Stephen is our Minister but is already known to us and well known on the Fylde Coast having lived and worked in Fylde for 18 years and prior to that he was a Minister in Blackpool.

Stephen's Message

Last Sunday I commented from the pulpit that my son-in-law, when seeing a cricket match taking place, commented “That’s not sport! Most of them don’t move.”

A member of the congregation commented as he left “I can’t believe you, a Yorkshireman, said that about cricket.” Another Yorkshireman reminded me “Cricket is still the national game not football!”

Be that as it may, while some of you may be debating about what constitutes sport, and I note interestingly the same son-in-law is quite happy to watch snooker, it made me reflect upon what I should or should not say in the pulpit.

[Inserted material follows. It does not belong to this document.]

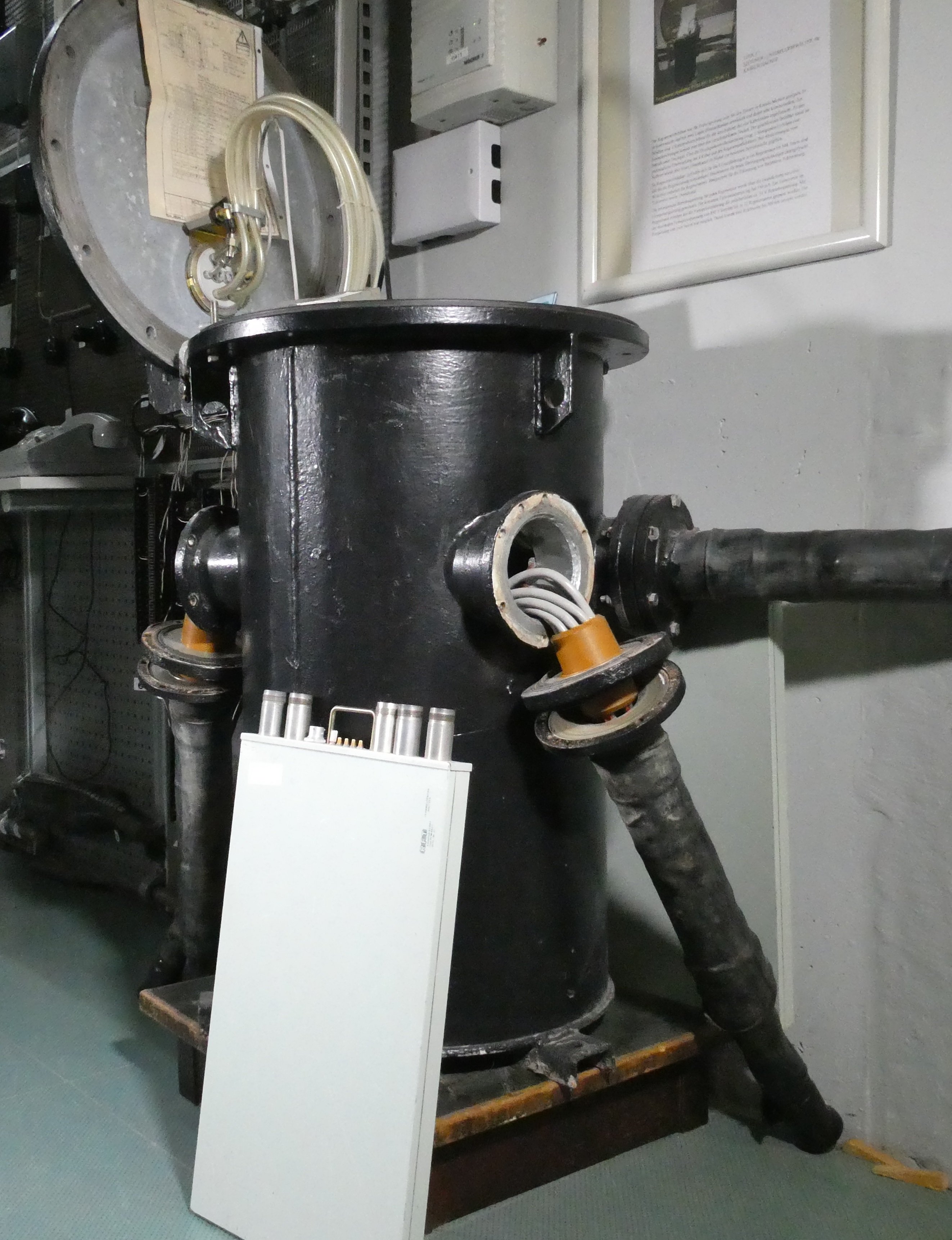 PCM 480 S Regeneratorbehälter mit Regenerator (Interessengemeinschaft Historische Fernmeldetechnik e.V. CC BY-NC-SA)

When preparing my sermon, I decided to comment on the forthcoming election and realised a simple comment about one party would mean I would have to mention at least three other parties for balance. I have, at times, strong views on some of the policies and directions the different parties would take our country in, but can I say that from the pulpit? Your answer probably depends on whether you agree with me or not.

So often I know people keep quiet for fear of offending friends let alone strangers. Deep held views are often stifled to avoid conflict. We have all thought at some time “You can’t say that!” Without honesty and principle at the heart of our common life we will never have a society we can be proud of. The election requires honesty from voter and politician alike.

We all have our prejudices. We are all called to show respect and sensitivity to others. We each have an opinion and dodging the issue is not an option. What we say may not be what others expect but it needs to be what we believe and reflected in our vote. What do you say?